The colonial history of Western Sahara is often not well known, both the occupation of the territories by the Spanish State since the 1700s, as well as its continuity in the hands of Morocco since 1975. There are several examples in the world where colonial powers hide their history of domination in the narrative of “regional conflicts between neighbouring countries”. Among the most prominent examples are Palestine – England/State of Israel and Sahara- Spanish State/Kingdom of Morocco. Such a narrative distorts the continuity of profiteering that the original colonial states maintained in the occupied territories. At the same time, it blurs the military relations between the different occupying forces and the role that the institutions of so-called international law play in advancing Western capitalist interests.

In such a landscape, the dependency on humanitarian aid plays the role of pacifiers. The lowest form of extortion imaginable: is forcing people to follow rules that favour only the West, to have access to a food ration that does not even provide the necessary nutritional levels nor the quantity to feel satisfied.

The extortion is as crude as it reads: exchanging food for self-determination. In this way, the resistance, the direct action, and the taking of subjectivity by the people are seen as “unnecessary violence”, to the point of being presented as the real cause of the situation of domination.

Global patriarchy has been one of the great means to install this reality, assisting the consolidation of the monopoly of violence through the armed forces of nation-states, seeking to relegate queer people and women to the private sphere.
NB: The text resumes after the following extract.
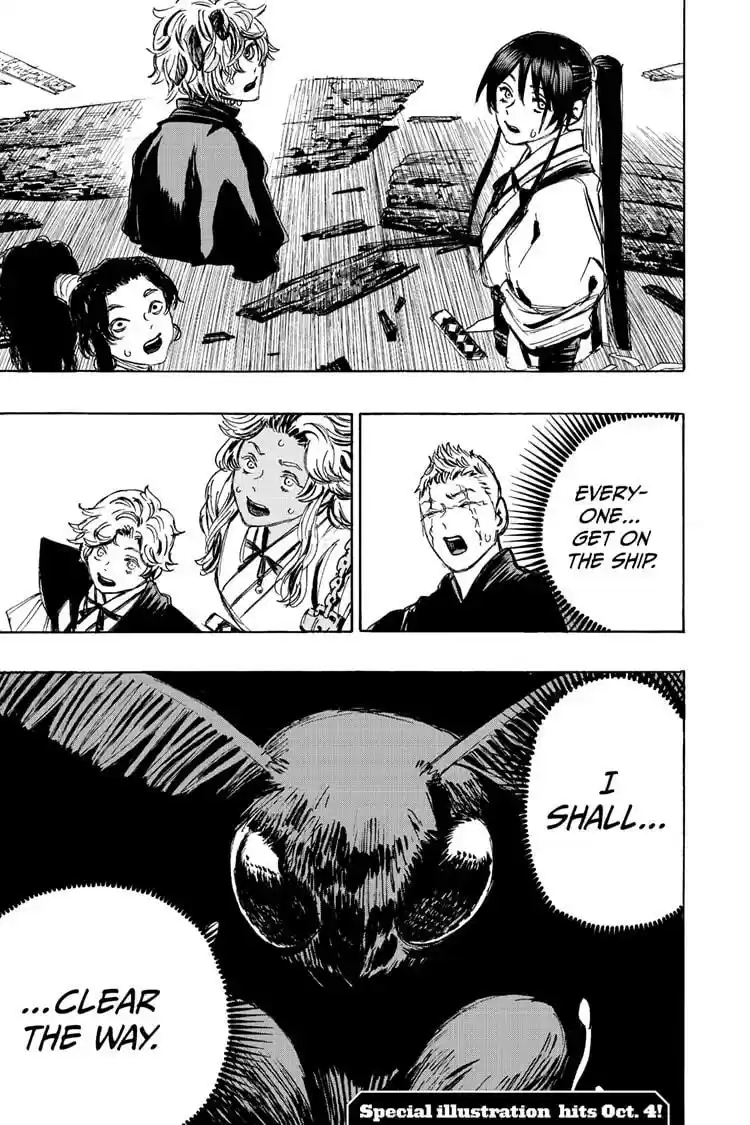 Read Hell's Paradise - Jigokuraku Manga Online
Global patriarchy, that is to say, the white supremacist patriarchy, is installed in the world by setting up a field of competition in which not only gender binarism is imposed but also a specific model of being a woman as good, adequate or even emancipated. Thus, the liberal positions of Western societies use aspects of emancipatory, anti-patriarchal or feminist discourses to implant a global image of the developed vs. the underdeveloped woman, the emancipated vs. the oppressed woman, i.e. the western woman vs. the woman of the global south. The feminized body becomes a territory of war, to be conquered with methods of repression and violence specifically designed for this purpose.

Such a specific western model on gender can only imply the protection of the capitalist interests it serves. Thus the clichés about the “other” are strengthened: the submissive woman, the woman who does not think or act on her own: the woman who is still not there…It is therefore not surprising that the idea of armed struggle, direct action and liberation is mostly portrayed with a man’s face. It is mostly portrayed through western lenses.

Insumisas presents us with a local and global reality at the same time. Resistance in the hands of queer people and women is not a particular example of certain territories or historical moments, as they would have us believe. On the contrary was, is and will be a constant and widespread reality. Insumisas confronts us with the preconceptions that white liberalism tries to implant in our thinking, of territories stripped of feminist practice. It reaffirms not only the importance of thinking of ourselves as anti-patriarchal and anti-colonialist as entangled but also shows us that this practice is already a reality in other territories.

Proposal for discussion

  • Analyzing the role of Morocco as an occupying force. Why is there an interest in externalizing colonial control by European states? What political interest lies behind this division of colonial power?
  • Thinking about differences in order to think about new worlds. What is the role of global patriarchy in the existence of colonialism today?
  • Colonial morality and patriarchy as a means of repression. The use of particular forms of violence, starting from the physical and psychological and extending throughout the social fabric.